The RIR IPv4 address allocation volumes by year are shown in Figure 2.
IPv4 address transfers
In recent years, several RIRs (RIPE NCC, ARIN and APNIC) have included the registration of IPv4 transfers between address holders as a means of allowing secondary re-distribution of addresses as an alternative to returning unused addresses to the registry. This has been in response to the issues raised by IPv4 address exhaustion, where the underlying motivation is to encourage the reuse of otherwise idle or inefficiently used address blocks through the incentives provided by a market for addresses, and to ensure that such address movement is publicly recorded in the registry system.
The numbers of registered transfers in the past six years is shown in Table 4. This includes both inter-RIR and intra-RIR transfers. Each transfer is treated as a single transaction, and in the case of inter-RIR transfers, this is accounted in the receiving RIR’s totals.
Table 4 – IPv4 address transfers per year.
A slightly different view is that of the volume of addresses transferred per year (Table 5).
Table 5 — Volume of transferred IPv4 addresses per year.
Plots of these numbers are shown in Figures 3 and 4.
The total volume of addresses transferred in this way is four times the volume of allocated addresses across 2019. The aggregate total of addresses in the transfer logs since 2012 is some 300 million addresses, or the equivalent of 17 /8s, which is some 8% of the total delegated IPv4 address space of 3.7 billion addresses.
This data raises some questions about the nature of transfers.
How effective have address transfers been advertising allocated IPv4 addresses?
The first question is whether address transfers have managed to be effective in dredging the pool of allocated but unadvertised public IPv4 addresses.
It was thought that by being able to monetize these addresses, holders of such addresses may have been motivated to convert their networks to use private addresses and resell their holding of public addresses. In other words, the opening of a market in addresses would provide incentive for otherwise unproductive address assets to be placed on the market. Providers who had a need for addresses would compete with other providers who had a similar need in bidding to purchase these addresses.
In conventional market theory the most efficient user of addresses (here ‘most efficient’ is based on the ability to use addresses to generate the greatest revenue) would be able to set the market price. Otherwise unused addresses would be put to productive use, and as long as demand outstrips supply the most efficient use of addresses is promoted by the actions of the market.

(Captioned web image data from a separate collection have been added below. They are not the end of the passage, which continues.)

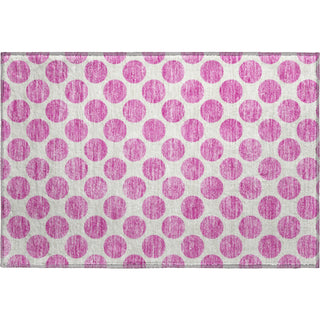 Piper Looms Mayfield Circles AMF980 Blush Machine Washable Area Rug Scatter Main Image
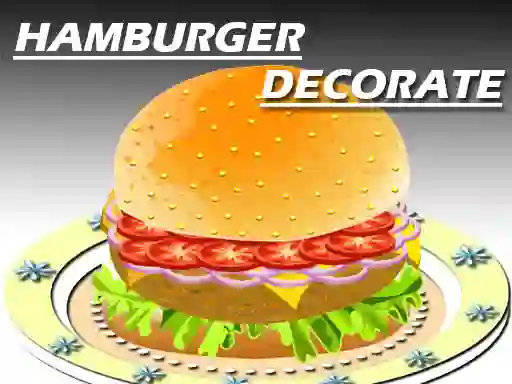 Jeu Hamburger Decorating en ligne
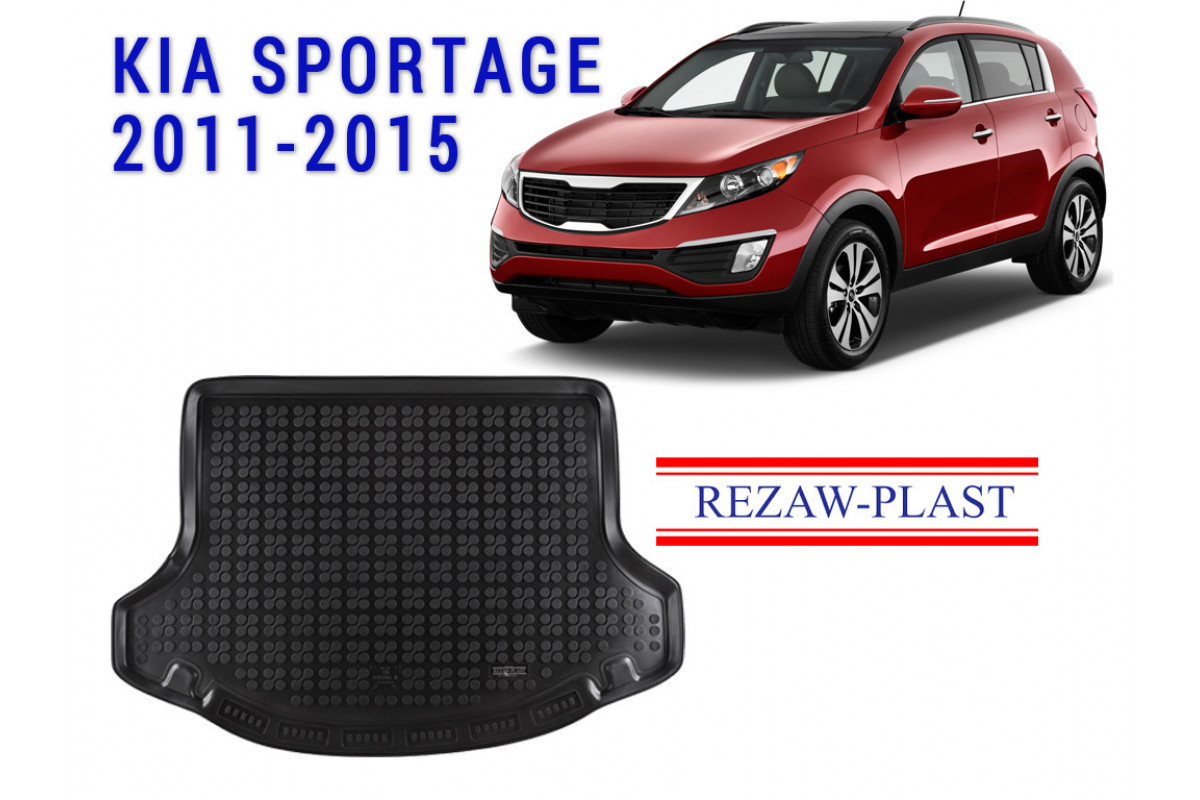 Rezaw Plast Cargo Liner in Black for Kia Sportage 2011 2015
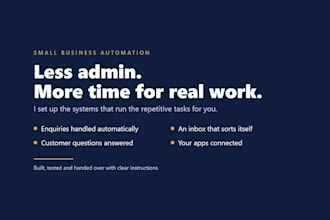 automate repetitive tasks in your small business
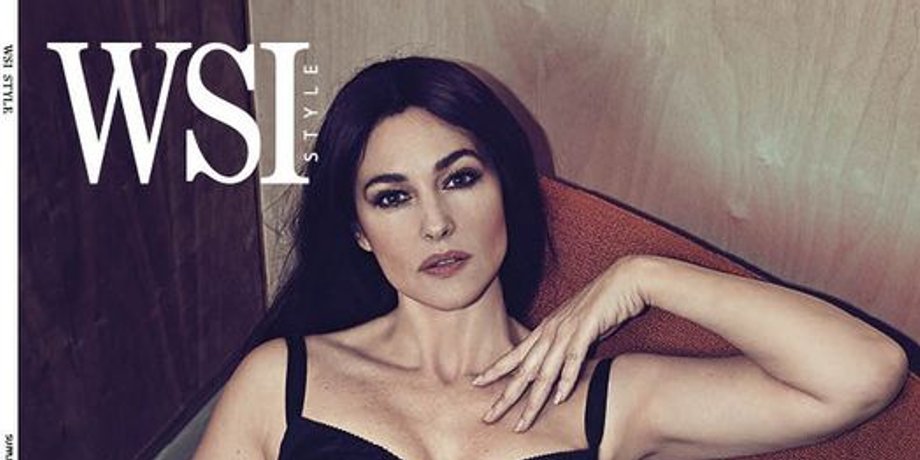 моніка беллуччі на обкладинці WSI Style Magazine, обкладинка нового журналу WSI Style Magazine, моніка беллучі на обкладинці журналу в чорному боді
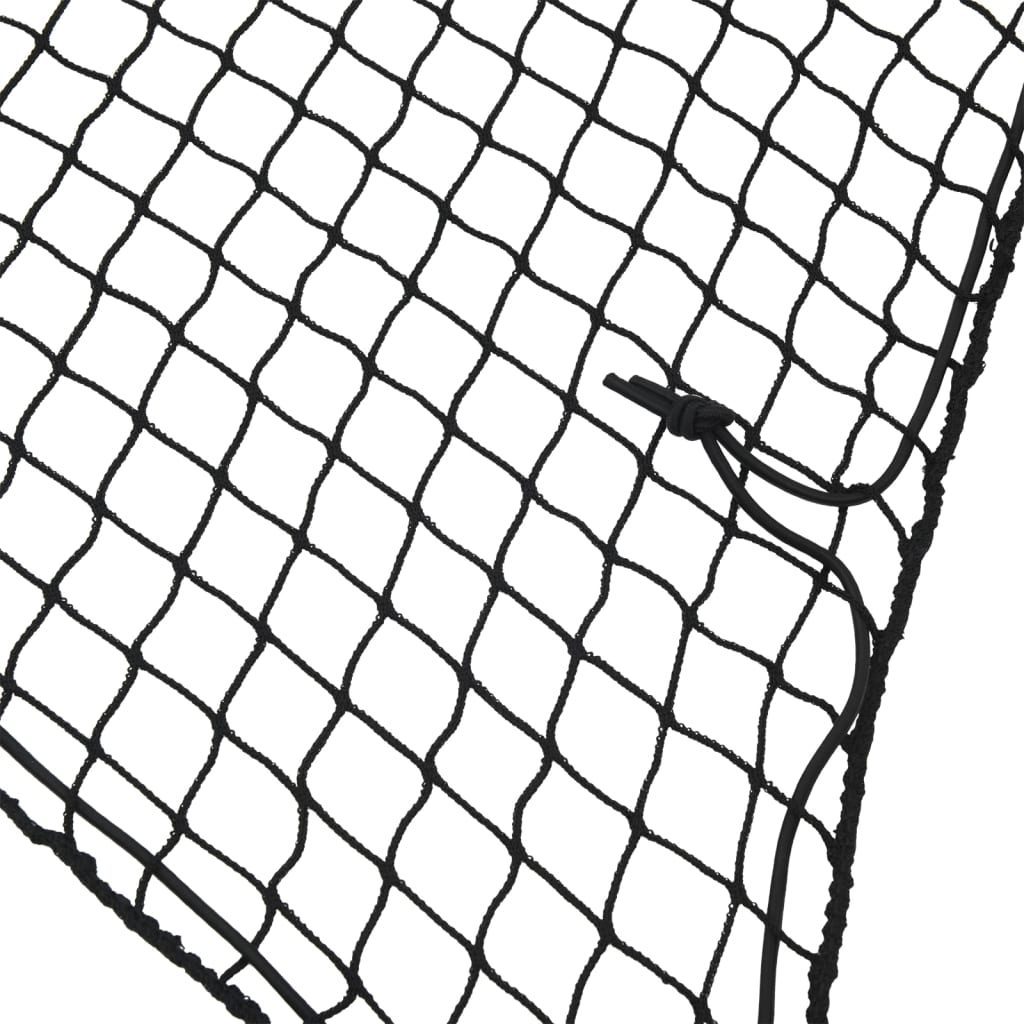 Trailer Net with Elastic Rope Black 4x2.5 m PP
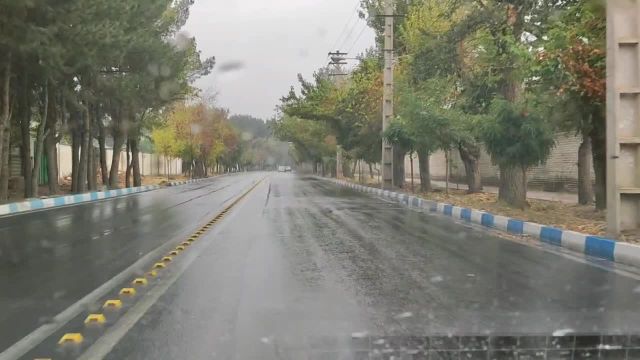 بارش باران پاییزی البرز در سیزدهمین روز آبان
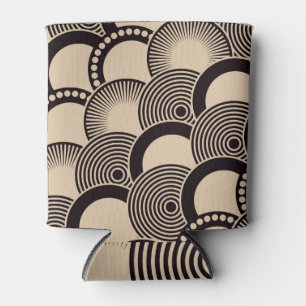Porta-lata Ondas japonesas, escalas, anéis, marfim preto.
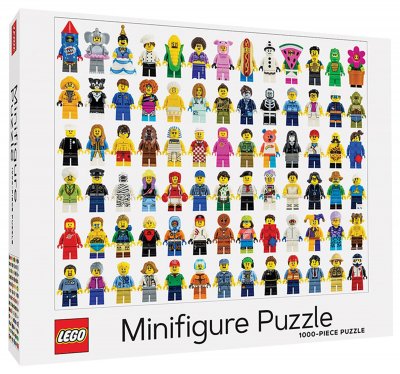 Puzzle de 1&nbsp;000&nbsp;pi&egrave;ces Minifigurines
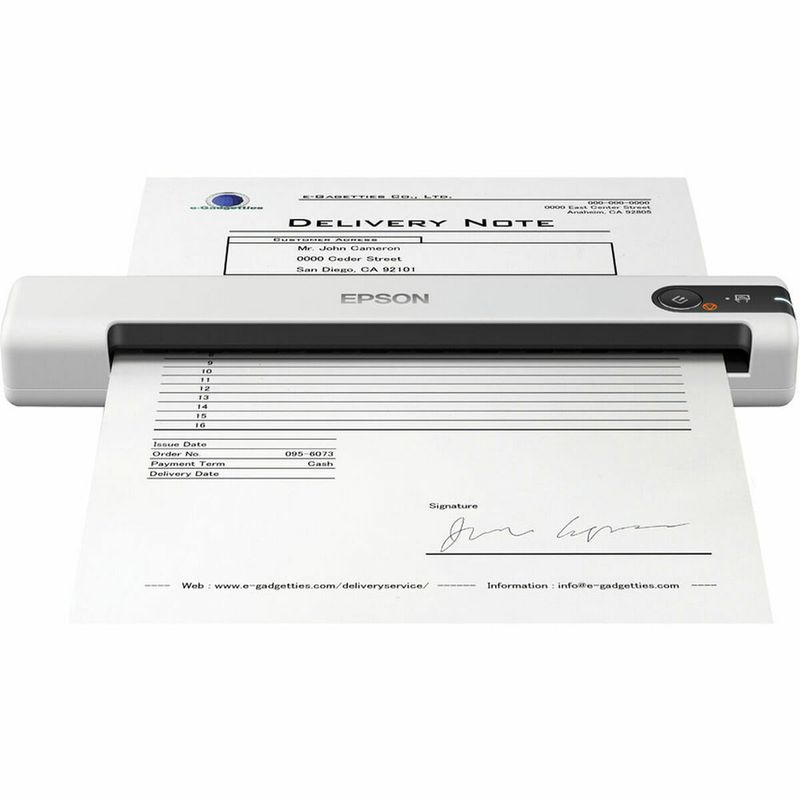 PC, gaming si accesorii/Imprimante, scanere & consumabile/Imprimante/Scannere - Scaner Portabil Epson WorkForce DS-70 600 dpi USB 2.0 - Infinity.ro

In theory.
However, the practical experience with transfer to date is not so clear. The data relating to address re-use is inconclusive, in that between 2011 and late 2017 the pool of unadvertised addresses sat between some 43 and 44 /8s. This pool of unadvertised addresses rose from the start of 2018 and by the end of 2019 there were some 50 /8s that were unadvertised to the public Internet. Rather than reducing the pool of unused (unadvertised) addresses, this pool appears to be expanding in size over the past 24 months.
In relative terms, expressed as a proportion of the total pool of allocated IP addresses, the unadvertised address pool dropped from 28% of the total allocated address pool in 2011 to a low of some 24% at the start of 2016, and subsequently risen to 29% by the end of 2019. This data points to the conclusion that address transfer activity has not made a substantial change in the overall picture of address utilization efficiency in the past 12 months.
There is a slightly different aspect to this question, concerning whether the transferred addresses are predominantly recently allocated addresses, or longer held address addresses where the holder is wanting to realise otherwise unused assets. The basic question concerns the ‘age’ distribution of transferred addresses where the ‘age’ of an address reflects the period since it was first allocated or assigned by the RIR system.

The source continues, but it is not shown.